## About this exercise
With pictures omitted, transcribe exactly the lines from the one containing "徐霞客遊記 滇遊日記十四" to the end of the records below.

Segment Open

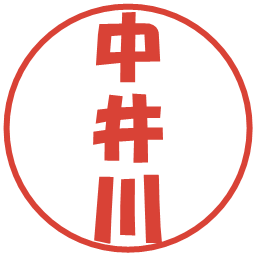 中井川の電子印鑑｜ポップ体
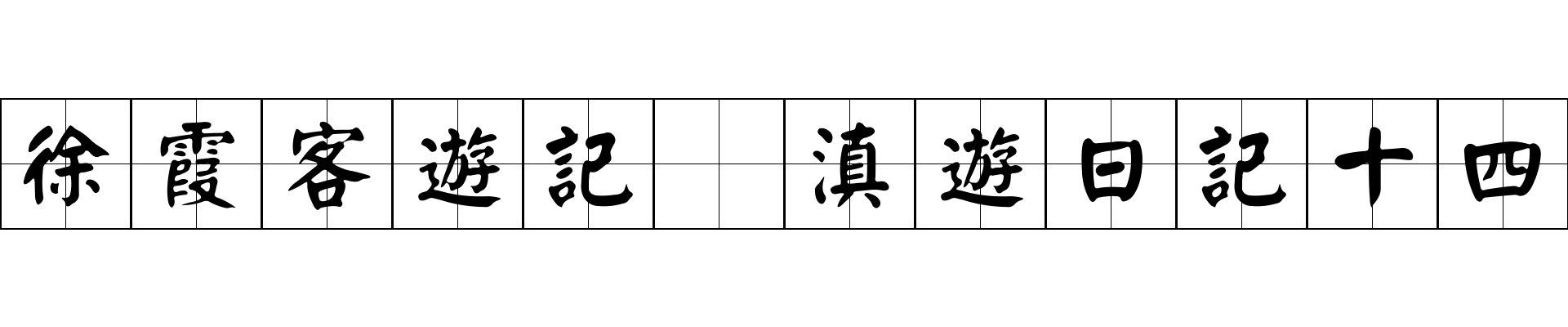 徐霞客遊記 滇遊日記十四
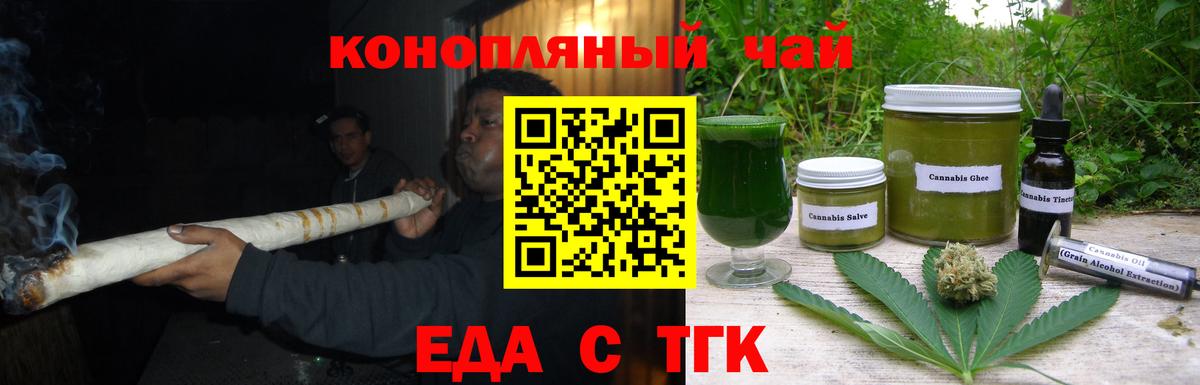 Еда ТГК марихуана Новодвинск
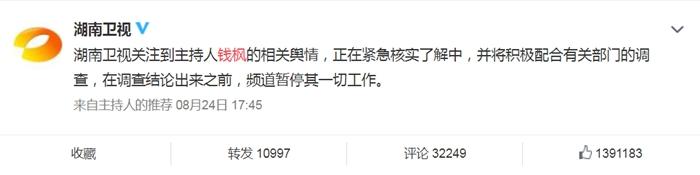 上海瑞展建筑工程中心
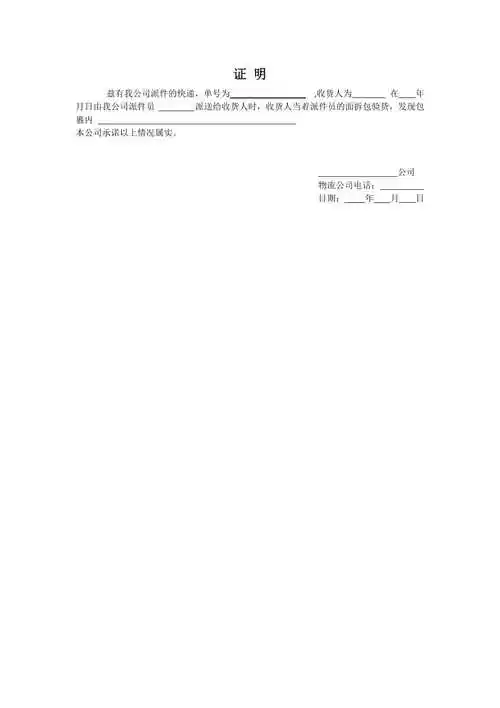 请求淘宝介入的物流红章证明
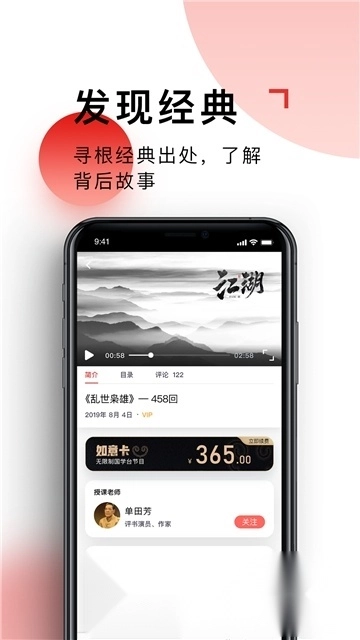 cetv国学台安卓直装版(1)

Segment Closed

## Response to the task
 徐霞客遊記 滇遊日記十四
 Еда ТГК марихуана Новодвинск
 上海瑞展建筑工程中心
 请求淘宝介入的物流红章证明
 cetv国学台安卓直装版(1)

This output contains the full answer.